The emails that brought down Enron still shape our daily lives

Still with us.
Still with us.
Image: AP Photo/Pat Sullivan
We may earn a commission from links on this page.

During its 2002 investigation of the bankruptcy of Enron, the US Federal Energy Regulatory Commission (FERC) checked the energy company’s emails: more than 600,000 messages sent from 158 employees, mostly senior management.

The collected missives—a mixture of high-level business negotiations, discussions between managers and their spouses about holiday plans, and many, many requests to be unsubscribed from mailing lists—formed part of the evidence that led FERC to conclude the company had in fact engaged in illegal price manipulation, and the US Department of Justice to press criminal charges against former CEOs Kenneth Lay and Jeff Skilling.

After its investigation, the commission determined the emails were in the public’s interest and dumped them on a website.

Though ostensibly for research and academic use, the trove was so messy and unwieldy that it was effectively useless—until an MIT computer science professor named Leslie Kaelbling bought the data for $10,000 and handed it over to colleagues who cleaned it up, took out duplicates, organized the remaining 200,000 messages into folders, and released it into the world.

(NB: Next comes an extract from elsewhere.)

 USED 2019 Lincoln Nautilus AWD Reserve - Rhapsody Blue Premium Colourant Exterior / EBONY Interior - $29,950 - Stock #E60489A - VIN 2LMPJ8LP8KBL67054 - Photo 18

“What was weird was that the data itself was in the public domain, but we still had to pay a company for the service of giving it to us on a disk,” Kaelbling said. “After that, we just gave it away for free.”

If Enron went down for defrauding the public, the company has unwittingly repaid a small part of its debt to society through the gift of its emails.

The Enron Corpus, as the collection is known, has been used in more than 100 projects since that research team presented it to the public in 2004. As the biggest public collection of natural written language in an organizational setting, it has been used to study everything from statistics to artificial intelligence to email attachment habits. An online art project by two Brooklyn artists will send every single one of the emails to your personal inbox, a process which (depending on the frequency of emails you request) will take anywhere from seven days to seven years.

As Jessica Leber pointed out several years ago in the MIT Technology Review, FERC’s decision to place the emails in the public domain democratized research into corporate behavior. Without this publicly available set, she noted, “research into business e-mails could be done only by people with access to big corporate or government servers”—to the likely exclusion of social scientists, linguists, and others with insights to glean from the language of corporate power.

The emails have been invaluable to AI researchers in teaching robots how humans talk—or at least, how they write—when they’re at work. The prototype (but not the final version) of Gmail’s “smart compose” feature was trained on the Enron Corpus. Some of the researchers on the first academic team to work with the emails went on to develop early versions of Apple’s Siri.

But here is where the ghosts of Enron’s world comes back to haunt us. While the emails offer compelling evidence of how people talk to each other, specifically, they offer evidence of how people who thrived at a morally compromised US corporation in the late 1990s and early 2000s talked to each other.

“If you think there might be significant biases embedded in emails sent among employees of [a] Texas oil-and-gas company that collapsed under federal investigation for fraud stemming from systemic, institutionalized unethical culture, you’d be right,” New York University researcher Amanda Levendowski wrote in 2017. “The Enron emails are simply not representative—not geographically, not socioeconomically, not even in terms of race or gender. . . And yet [they] remain a go-to dataset for training AI systems.”

Among the many subjects the emails have helped researchers understand are gender dynamics in the workplace. By continuing to rely on the conversations of this particular workplace to teach machines to talk for us, we may be unwittingly carrying its flaws with us into the future.